### Exercise materials
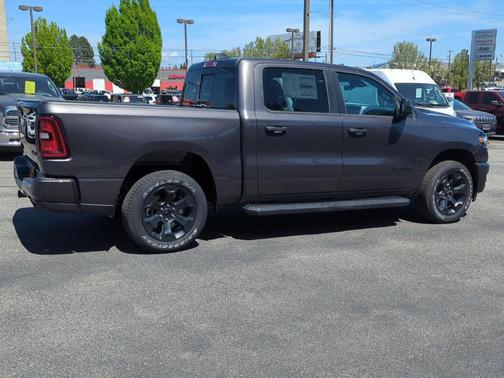 Granite Crystal Clearcoat Metallic 2026 RAM 1500 Express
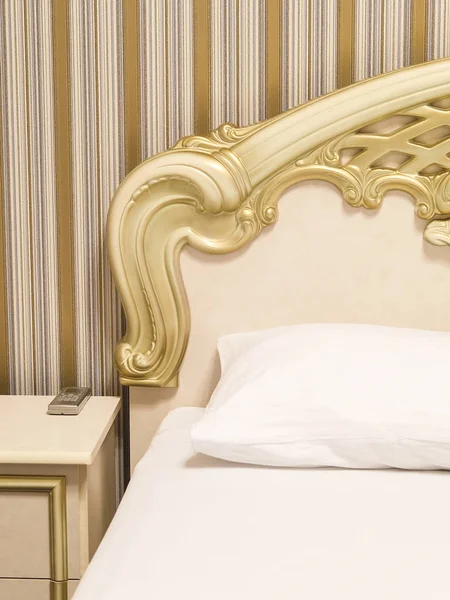 Bir otel odasının içinde.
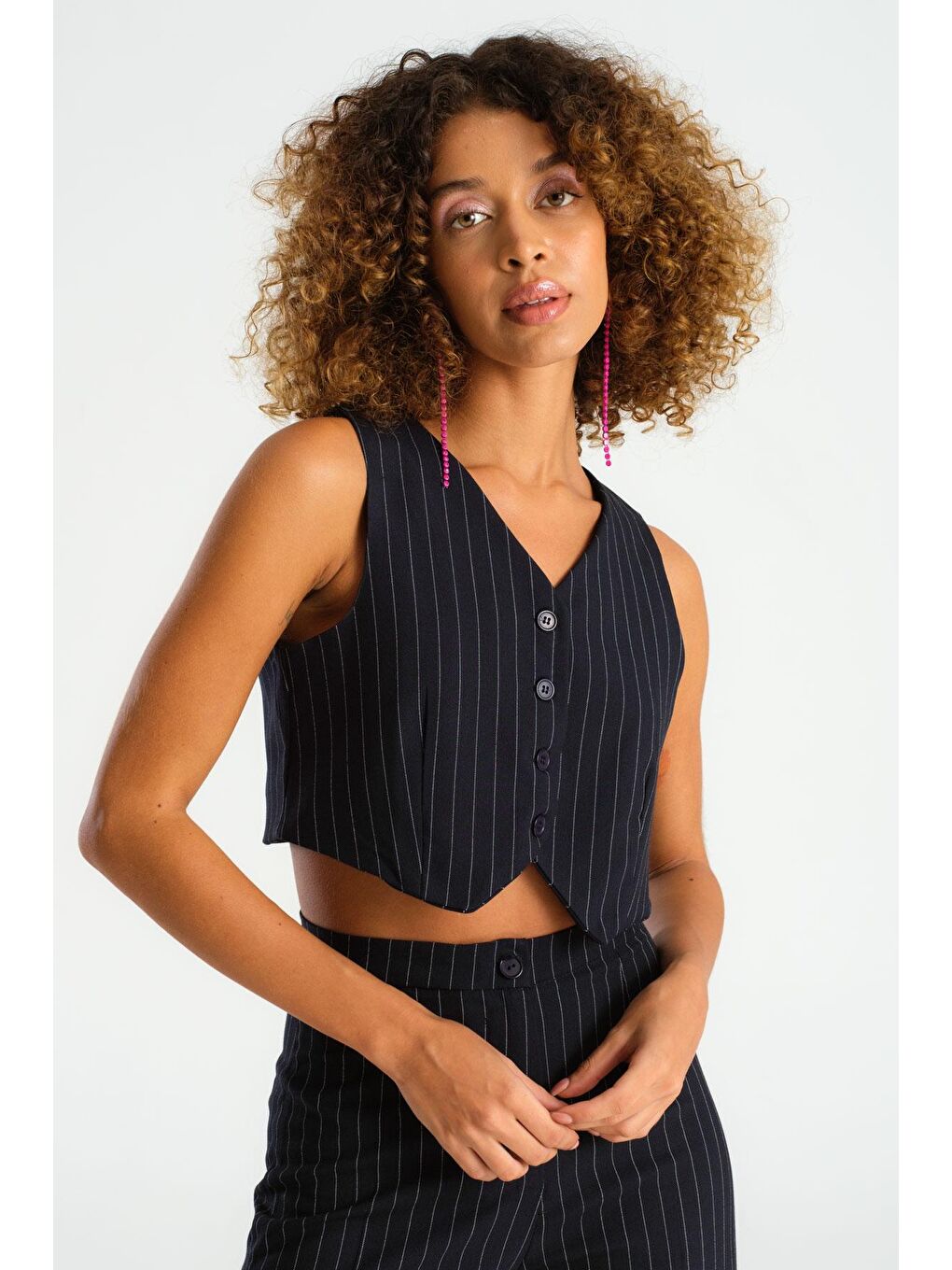 it's basic Lacivert Kadın Lacivert Çizgili Renk Önü Düğmeli Crop Fit Kumaş Yelek - 1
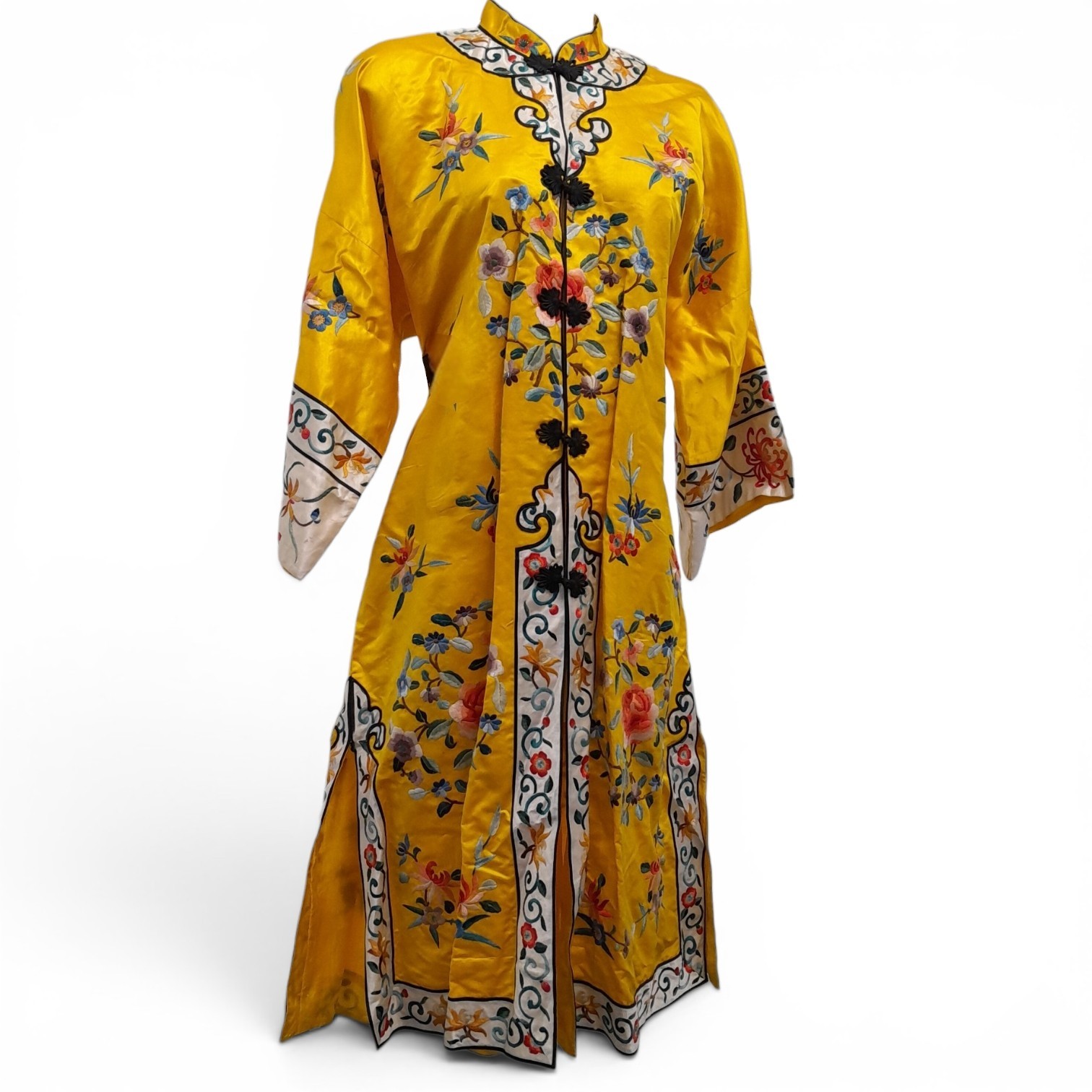 Vintage 1960s Chinese Embroidered Silk Robe-Yellow Floral-Size Medium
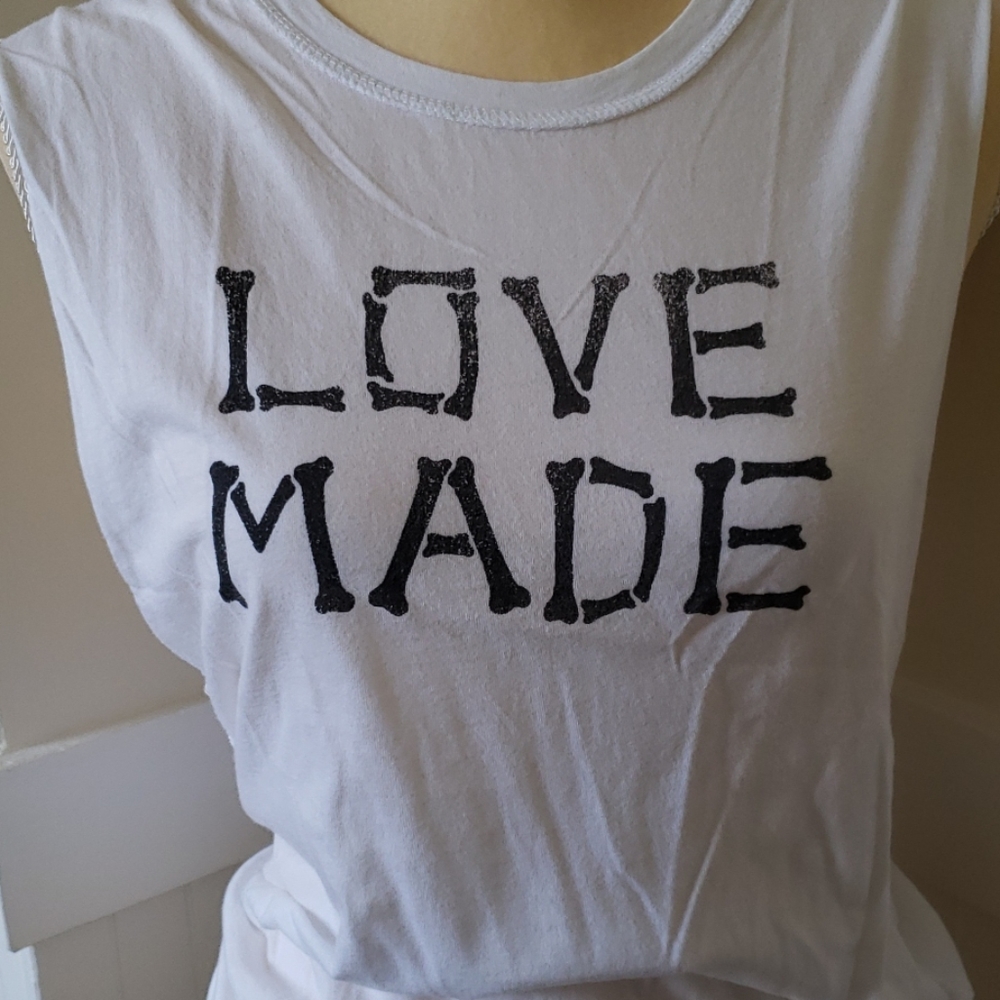 LOVE MADE Sleeveless T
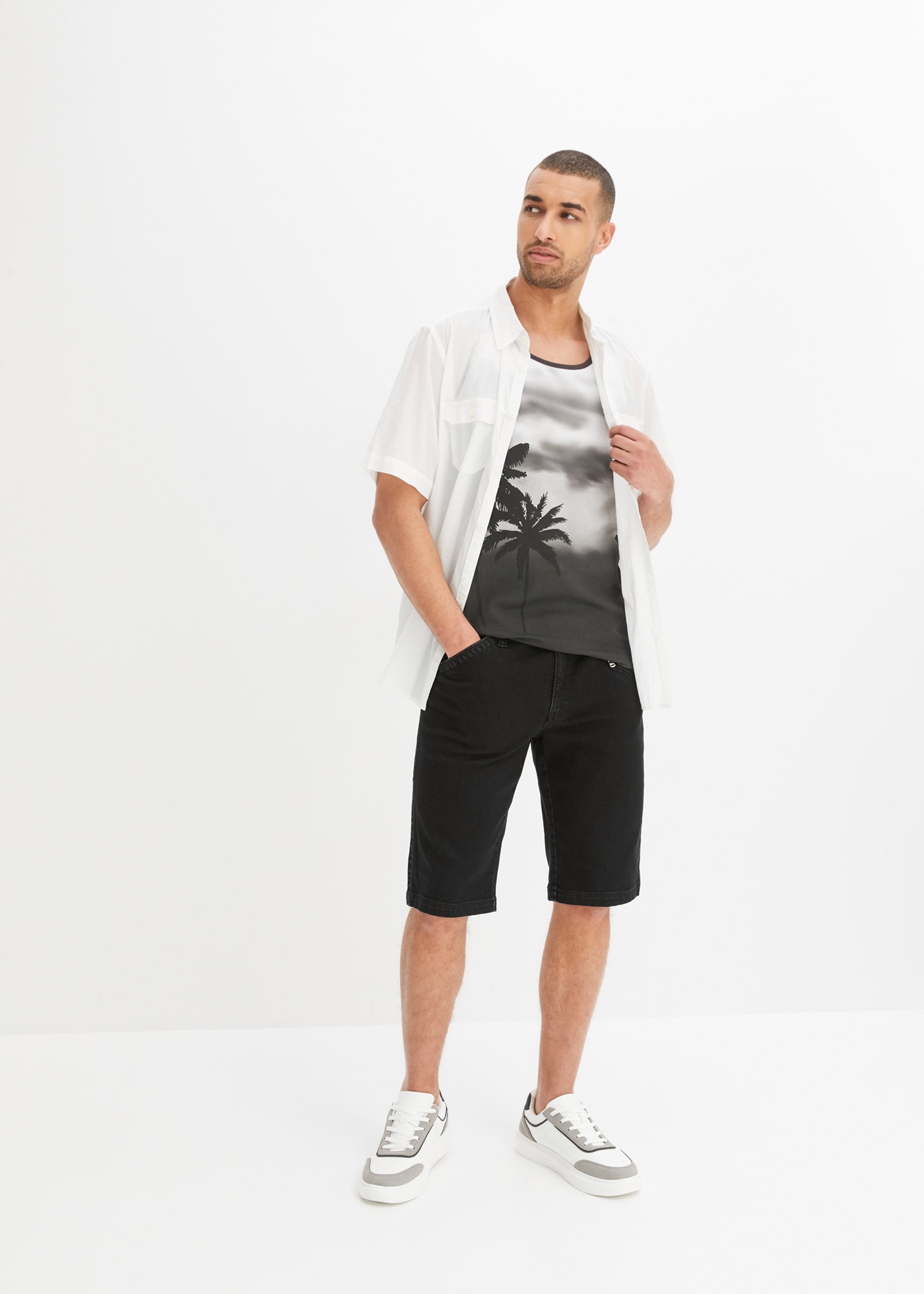 bonprix Kurzarmhemd »Kurzarmhemd aus reiner Baumwolle« Regular Fit, aus Baumwolle, mit Brusttaschen, Kentkragen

### What to do
Each line from the one containing "LOVE MADE Sleeveless T" through the last line of the listing is to be given again exactly, with no pictures and no other lines.

### Solution to this task
 LOVE MADE Sleeveless T
 bonprix Kurzarmhemd »Kurzarmhemd aus reiner Baumwolle« Regular Fit, aus Baumwolle, mit Brusttaschen, Kentkragen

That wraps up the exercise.